■ **Exercise goal**: The material below holds pictures; leave them out, and copy exactly, and only, the lines from the one with "Марки NBOMe 1,5мг DmitriD" through the last.
****
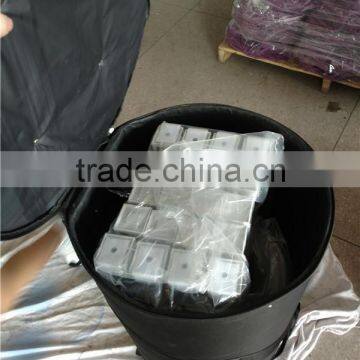 10feet Trade Show Aluminum Fabric Pop up Stand photo-4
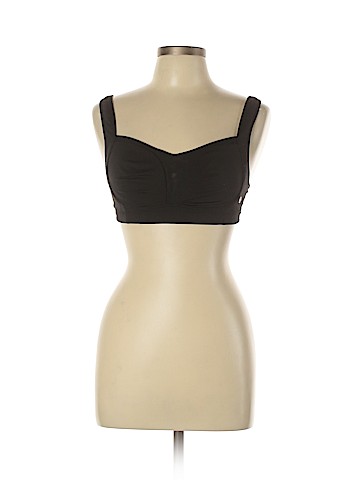 Lululemon Athletica Sports Bra (view 1)
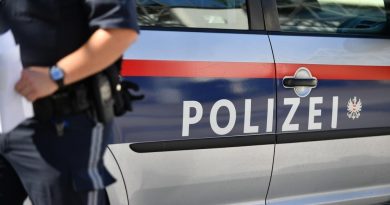 Policia austriake kap 61 kilogramë drogë, ia gjetën një tregtari nga Serbia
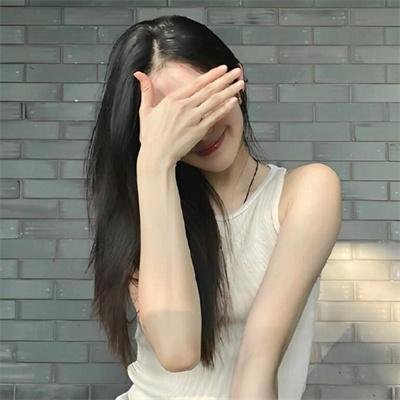 城市猎人:保镖密令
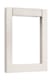 Baldwin Hardware 0183 number 3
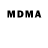 Марки NBOMe 1,5мг DmitriD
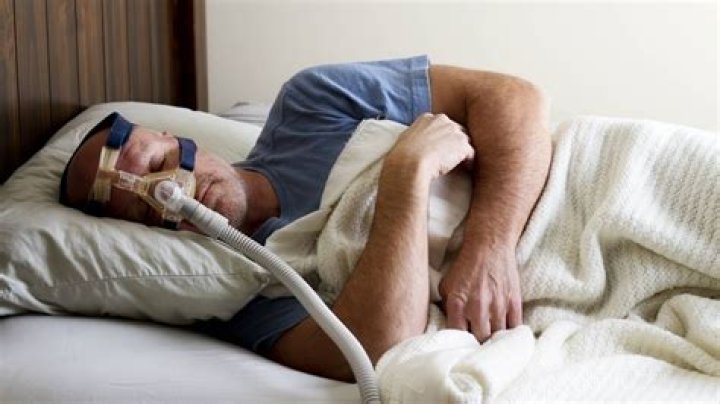 ¿Tener un sueño dentro de un sueño? Un fenómeno increíble para la ciencia
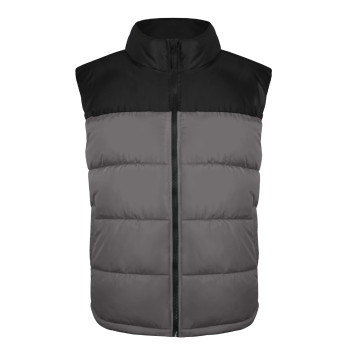 Жилет Nautilus, TM Floyd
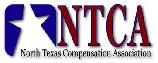NTCA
****
■ **Result below**:
 Марки NBOMe 1,5мг DmitriD
 ¿Tener un sueño dentro de un sueño? Un fenómeno increíble para la ciencia
 Жилет Nautilus, TM Floyd
NTCA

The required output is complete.